According to a new report published by Sheffield Hallam University’s Sport Industry Research Centre (SIRC) and highlighted by The Herald, golf was worth an astonishing £4.3 billion ($6 billion) to Great Britain in 2014. It accounted for 14 percent of all consumer spending on sports activities, and generated £990 million ($1.4 billion in taxes for the government in a single calendar year. Golf equipment and clothing alone accounted for £939 million ($1.3 billion) of consumer expenditures, and golf related tourism, events and accommodation a further £775 million ($1.1 billion).
Golf also creates robust employment in Great Britain. The industry as a whole employs 74,480 people, and one-third of them are employed directly by golf clubs in England, Wales, Scotland and Northern Ireland. Despite Scotland’s status as the birthplace of golf, a majority of these courses are located in England. The independent report was commissioned by The Royal and Ancient Golf Club of St Andrews (The R&A).

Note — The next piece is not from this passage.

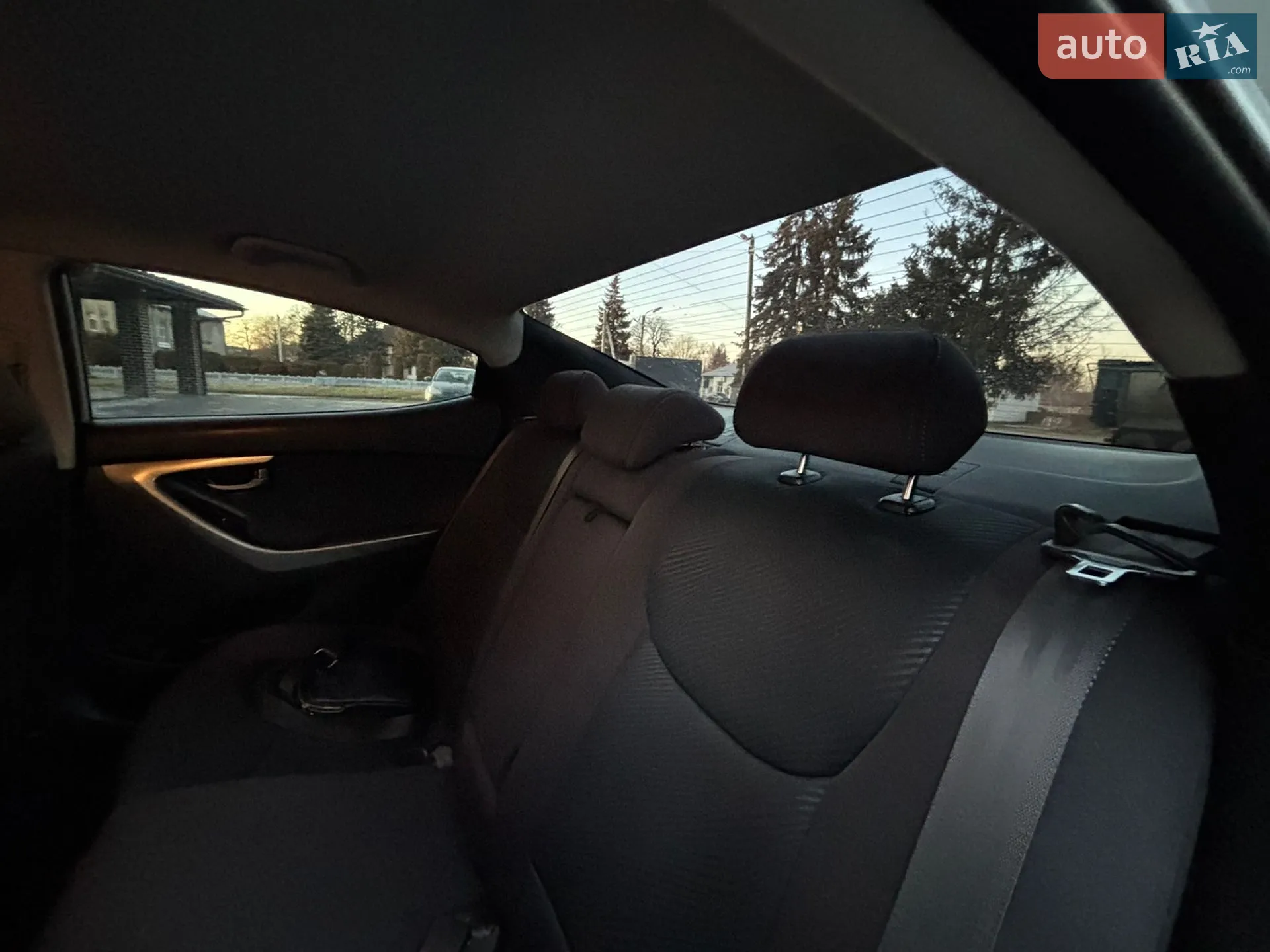 2011 Hyundai Elantra - мініатюра 21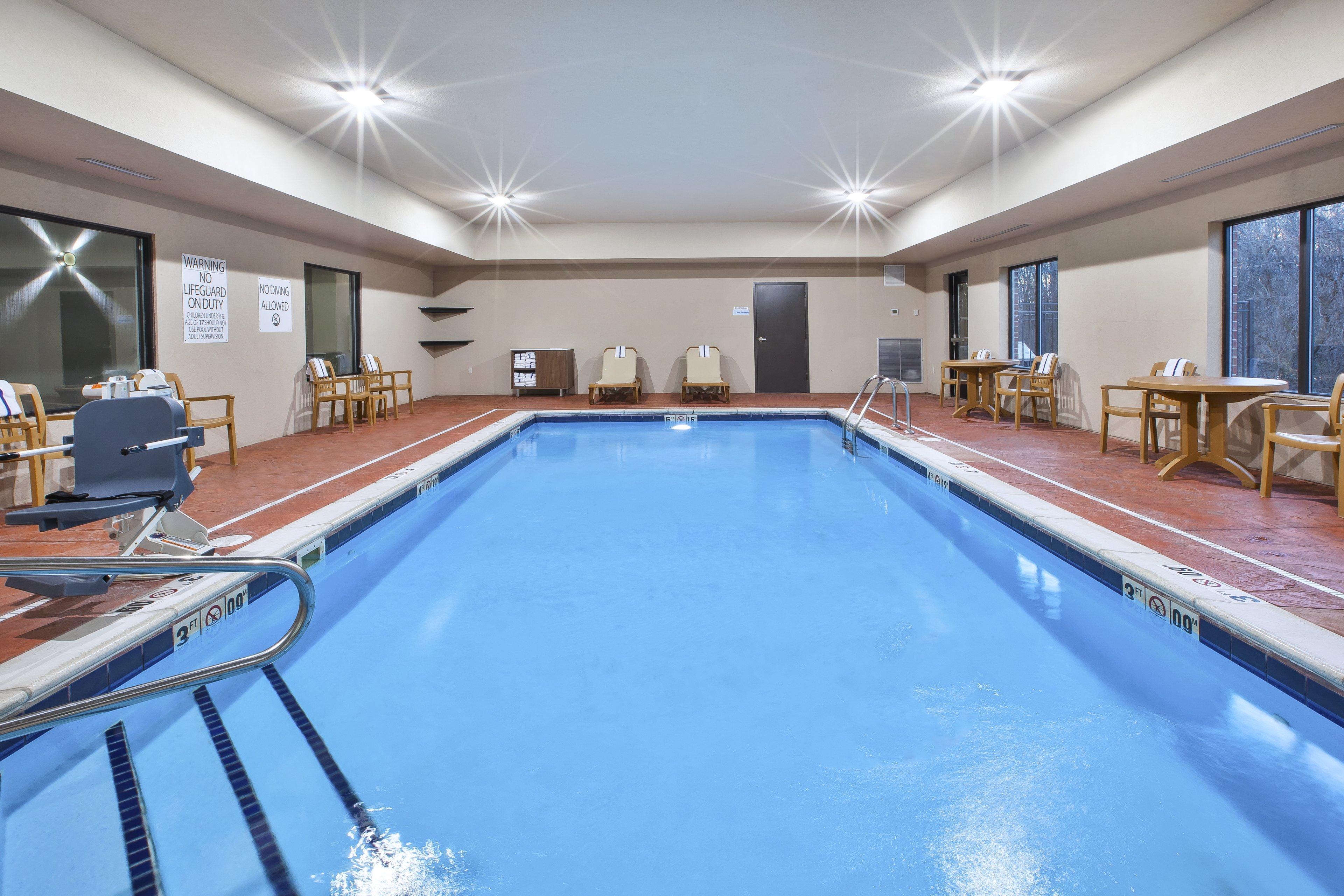 Holiday Inn Express Niles By Ihg Екстериор снимка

“Golf is the first sport in the UK to evaluate its contribution to economic development in line with the government’s ‘Sporting Future’ strategy and these findings give us an important economic baseline for the golf industry against which we can measure future growth,” said Martin Slumbers, Chief Executive of The R&A. “There is plenty of room for optimism that golf can maintain and develop its position as one of the most popular sports in the UK, particularly in the year when it makes its return to the Olympic Games in Rio,” he said.
The report, which also cited the positive physiological and mental health benefits of golf, estimated that there are 1.5 million adult golfers in the UK who play at least once a week. This figure is twice as high as the regular participation rate of tennis (825,343 adults) or badminton (825,962 adults). In total, nearly four million adult golfers in the UK play at least once a year. Golf even attracts record numbers of volunteers: the study concluded that an estimated 178,000 volunteers contributed 2.1million volunteer days in 2014 alone. These volunteer days were calculated to be worth £137 million ($194 million) annually to the British economy.
The report’s findings may help bolster the golf industry in the UK, which is often at odds with environmentalists and home owners. As of 2012, there were 2,989 golf courses in Great Britain, which represents a drop from over 3,000 courses in the country in 2010.